In legal malpractice cases, the narrow exception for gross or obvious errors is limited to circumstances in which an attorney failed to perform an obvious, usually ministerial task, such as missing a filing deadline. In this type of situation, expert testimony is not required because laymen have a common knowledge that is requisite to understand whether or not a lawyer has failed to complete a ministerial task.
In Nystrom v. Campbell, the plaintiff sued her former attorney for legal malpractice, pertaining to the defendant’s representation of the plaintiff in her divorce. Nystrom v. Campbell, 124 N.E.3d 709 (Mass. App. 2019), review denied, 127 N.E.3d 272 (Mass. 2019). The plaintiff asserted that her former attorney made several mistakes in her representation—during the trial, at trial, and after trial. Id. The plaintiff did not survive summary judgment because she failed to provide expert testimony to show that her attorney failed to meet the proper standard of care.

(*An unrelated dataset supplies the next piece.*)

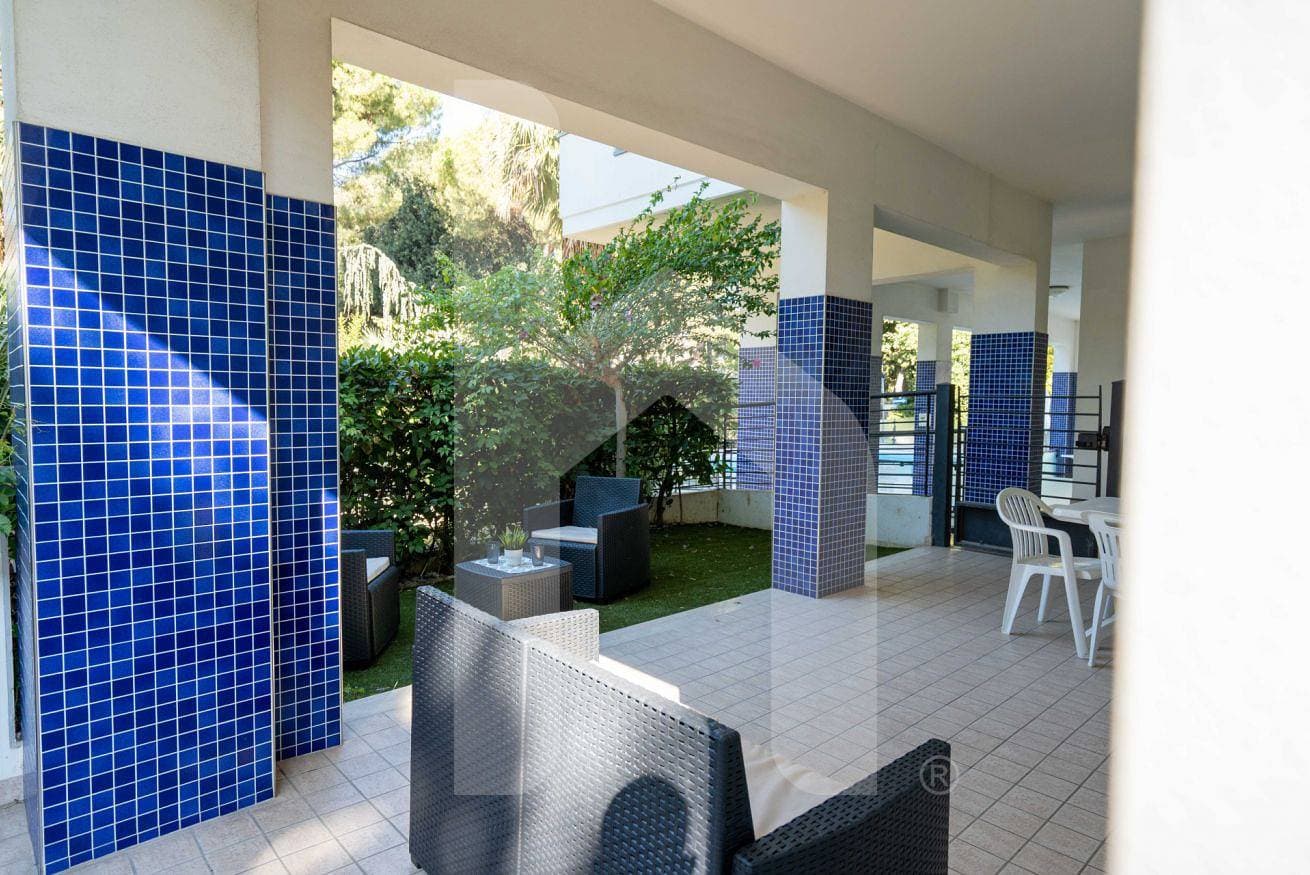 Foto 3 von 21: Ferienwohnung für 4 Personen mit Garten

Id.
Here, expert testimony was necessary because laymen are not in a position to determine the requirements of professional conduct, especially regarding the defendant’s actions/inaction during various phases of the trial. For instance, the plaintiff alleges legal malpractice in the context of cross-examination at trial; juries do not have independent knowledge as to the proper level of care required during cross-examination, and therefore, testimony from a qualified legal expert is required.

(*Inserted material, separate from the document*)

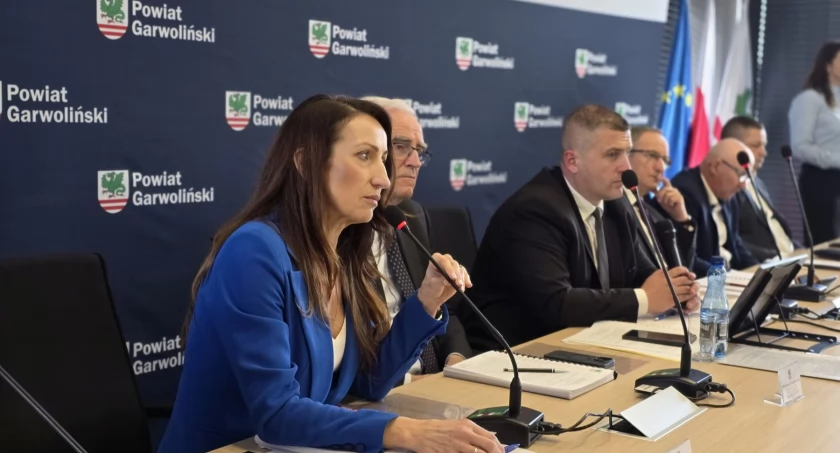 Garwolin: poczekają z odwołaniem starosty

The plaintiff argued that the defendant’s acts and omissions were so gross and obvious that the jury could determine negligence even in the absence of expert testimony. This assertion failed because juries do not possess the common knowledge to recognize negligence in legal malpractice matters during complicated phases of trial; rather, this is the job for an expert. Here, expert testimony was required to inform the jury as to the intricacies of the lawyer’s duty to their client during cross-examination at trial; this is simply not common knowledge amongst laymen and therefore is not the proper case for the narrow exception for gross and obvious errors which do not require expert testimony.
On the other hand, certain issues in a legal malpractice claim do not require expert testimony. In a legal malpractice action, expert testimony as to questions of law should be precluded because they are not the proper subject for expert testimony—expert testimony on how a jurist would have decided an issue is improper and inadmissible. For instance, in Greenspun v. Boghossian, The plaintiff brought a legal malpractice claim against the defendant’s after his former wife bought out his interest in the former marital residence for one-half of its value, claiming that his attorney failed to properly incorporate into an antenuptial agreement an agreed-upon provision that would have entitled his wife to only a small fraction of the home’s value. Greenspun v. Boghossian, 126 N.E.3d 99, 101 (Mass. App. 2019). After the plaintiff and his former wife decided to marry back in the summer of 2008, they collaboratively drafted an agreement on Google doc’s as to their premarital assets and debts, and their mutual property and financial obligations going forward. Id. “The Google doc contained a section titled “Real Estate Bought for Cash,” which provided that “[i]f one partner’s savings are used to purchase real estate with no mortgage, the other partner will accrue a 2.5 percent ownership interest in the real estate every year after the purchase, assuming the marriage is intact, up to a maximum ownership interest of 50 percent.” Id. Around that same time, the plaintiff retained the defendant attorneys to draft an antenuptial agreement based on the Google doc, and he emphasized that one of the most important terms in the Google doc was the section entitled “Real Estate Bought for Cash.” Id. During the process, the plaintiff reviewed the drafts and gave his feedback, but ultimately the plaintiff relied on the defendant to create an agreement that implemented the terms in the Google doc and protected his interests. Id. at 102.
The plaintiff brought a legal malpractice case against the defendants after his former wife bought out her interest in their former marital home because if the Google doc provision had applied, his former wife’s interest in the house would have only been 7.5 percent instead of fifty percent. Id. at 102-03. “To prevail on a claim of negligence by an attorney, a client must demonstrate that the attorney failed to exercise reasonable care and skill in handling the matter for which the attorney was retained …; that the client has incurred a loss; and that the attorney’s negligence is the proximate cause of the loss.” Id. Specifically at issue here is the causation element—the causation element requires a plaintiff to prove that he probably would have obtained a better result had the attorney exercised adequate skill and care. Id. at 104. The question as to whether what the outcome would have been had the attorney acted reasonably is often referred to as a “trial within a trial” where the new trier of fact would decide whether the attorney was negligent and what the outcome of the underlying litigation would have been if the attorney was not negligent. Id. at 104.
Ultimately, the court concluded that the motion judge erred in ruling that the plaintiff was required to present expert evidence on the issue of causation in the form of an opinion that the antenuptial agreement would have been determined valid if drafted in accordance with provisions set forth in the Google doc. Id. at 106. All the plaintiff needed to show was that if the antenuptial agreement would have been drafted in accordance with the Google doc, and if it was valid, that there was a connection between the variance from the plaintiff’s express wishes and the loss that resulted from the former wife’s buyout of the former family home. This was enough to move past the summary judgment phase, for all the plaintiff needed to demonstrate was that the attorney did not obey his lawful requests, and as a result, the plaintiff suffered a loss, for which the defendant attorney is responsible for.